Being able to match varying sets of characters is the first thing regular expressions can do that isn't already possible with Python's string module. However, if that was the only additional capability of regexes, they wouldn't be much of an advance over string. The second capability is that you can specify that portions of the RE must be repeated a certain number of times.

The first metacharacter for repeating things that we'll look at it is *. * doesn't match the literal character "*"; instead, it specifies that the previous character can be matched zero or more times, instead of exactly once.

For example, ca*t will match "ct" (0 "a"characters), "cat" (1 "a"), "caaat" (3 "a"characters), and so forth. The RE engine has various internal limitations, stemming from the size of C's int type, that will prevent it from matching over 2 billion "a" characters; you probably don't have enough memory to construct a string that large, so you shouldn't run into that limit.
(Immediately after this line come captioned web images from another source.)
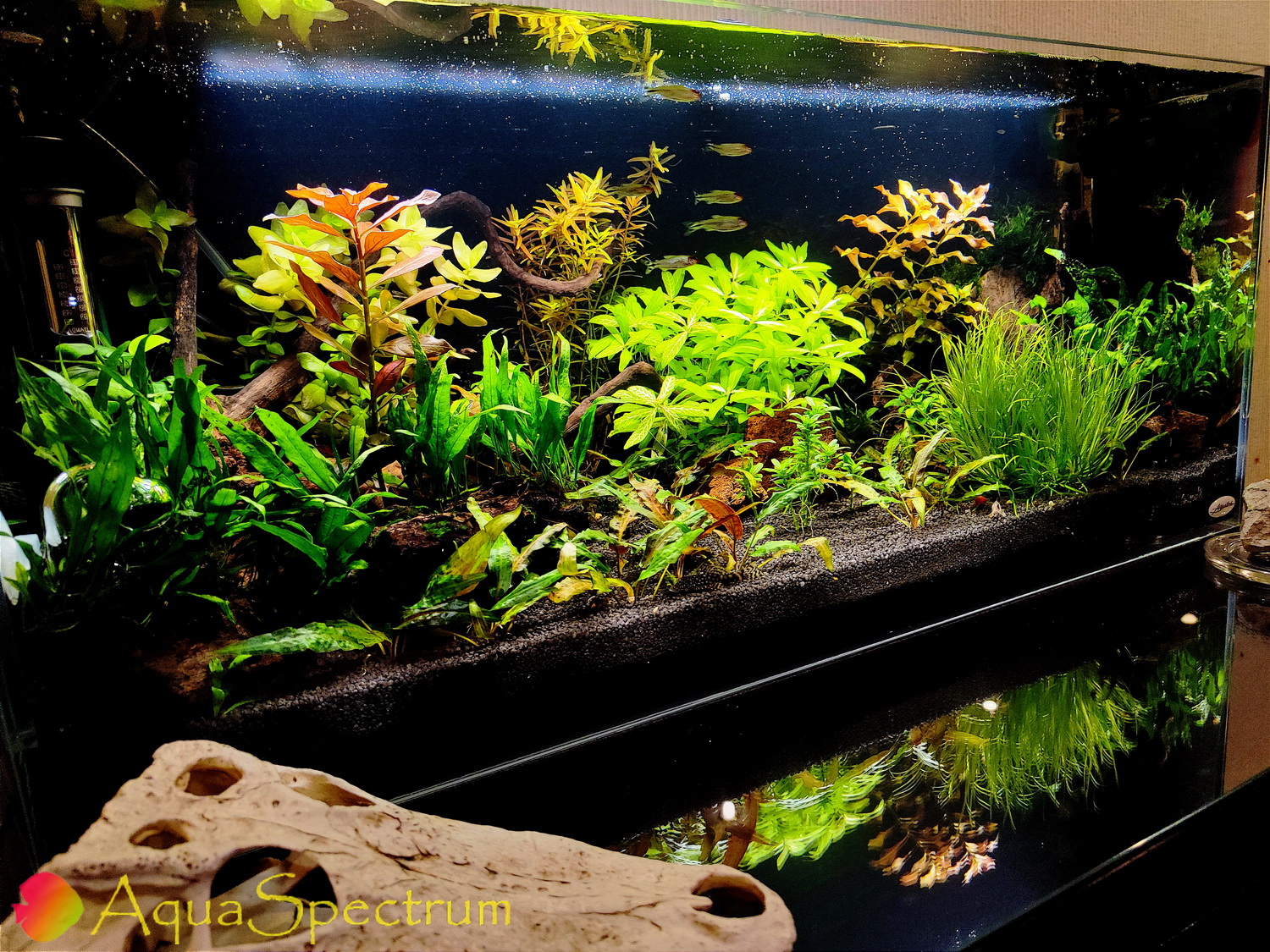 Декоративный аквариум с живыми растениями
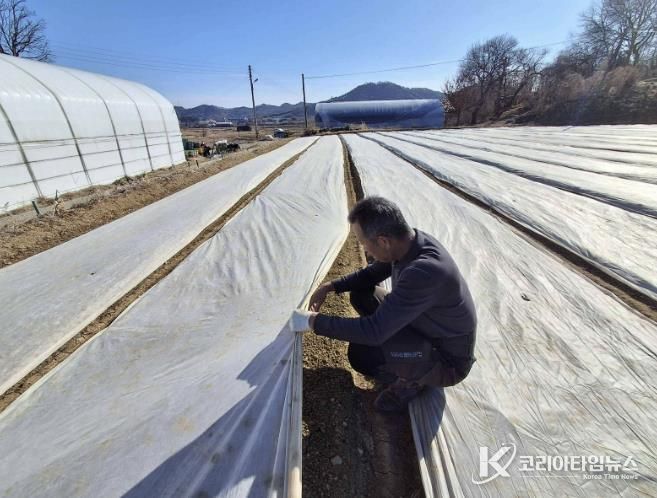 서천군, 마늘·양파 생육 재생기 이후 관리 당부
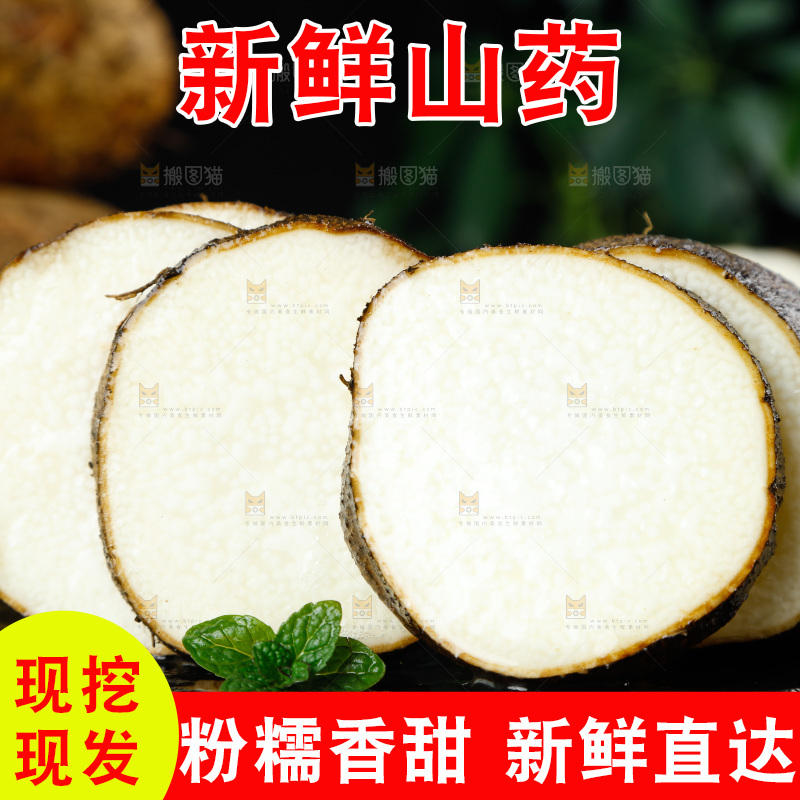 黑底上的金秤砣山药
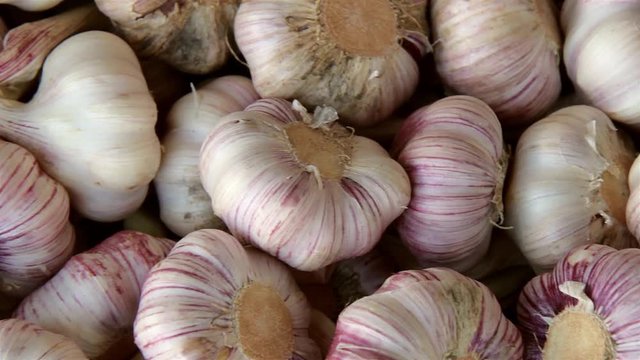 garlic on the market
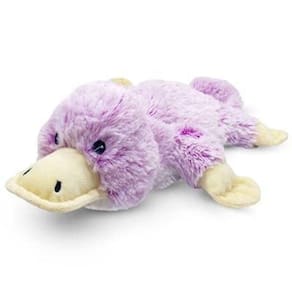 Ornitorrinco Warmies Cozy Pelúcia Lavanda Aquecida Perfumado Animal de Pelúcia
Repetitions such as * are greedy; when repeating a RE, the matching engine will try to repeat it as many times as possible. If later portions of the pattern don't match, the matching engine will then back up and try again with few repetitions.
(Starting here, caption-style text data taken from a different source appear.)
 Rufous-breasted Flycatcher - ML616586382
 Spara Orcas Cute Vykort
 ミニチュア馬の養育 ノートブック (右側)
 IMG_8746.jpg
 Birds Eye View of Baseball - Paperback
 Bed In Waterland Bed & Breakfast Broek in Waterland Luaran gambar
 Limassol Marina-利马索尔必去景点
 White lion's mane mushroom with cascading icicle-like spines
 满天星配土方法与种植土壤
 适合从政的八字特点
A step-by-step example will make this more obvious. Let's consider the expression a[bcd]*b. This matches the letter "a", zero or more letters from the class [bcd], and finally ends with a "b". Now imagine matching this RE against the string "abcbd".

Step   Matched   Explanation  
1 a The a in the RE matches. 
2 abcbd The engine matches [bcd]*, going as far as it can, which is to the end of the string. 
3 Failure The engine tries to match b, but the current position is at the end of the string, so it fails. 
4 abcb Back up, so that [bcd]* matches one less character. 
5 Failure Try b again, but the current position is at the last character, which is a "d". 
6 abc Back up again, so that [bcd]* is only matching "bc". 
6 abcb Try b again. This time but the character at the current position is "b", so it succeeds. 

The end of the RE has now been reached, and it has matched "abcb". This demonstrates how the matching engine goes as far as it can at first, and if no match is found, it will then progressively back up and retry the rest of the RE again and again. It will back up until it's tried zero matches for [bcd]*, and if that subsequently fails, it will conclude that the string doesn't match the RE at all.

Another repeating metacharacter is +, which matches one or more times. Pay careful attention to the difference between * and
regexp+; * matches zero or more times, so whatever's being repeated may not be present at all, while + requires at least one occurrence. To use a similar example, ca+t will match "cat" (1 "a"), "caaat" (3 "a"'s), but won't match "ct".

There are two more repeating qualifiers. The question mark character, ?, matches either once or zero times; you can think of it as marking something as being optional. For example, home-?brew matches either "homebrew" or "home-brew".

The most complicated repeated qualifier is {m,n}, where m and n are decimal numbers. This means there must be at least m repetitions, and at most n. For example, a/{1,3}b will match "a/b", "a//b", and "a///b". It won't match "ab", which has no slashes, or "a////b", which has four.

You can omit either m or n; in that case, a reasonable value is assumed for the missing value. Omitting m is interpreted as a lower limit of 0, while omitting n results in an upper bound of infinity -- actually, the 2 billion limit mentioned earlier, but that might as well be infinity.

Readers of a reductionist bent may notice that the 3 other qualifiers can all be expressed using this notation. {0,} is the same as *, {1,} is equivalent to +, and {0,1} is the same as ?. It's better to use *, +, or ?, simply because they're shorter and easier to read.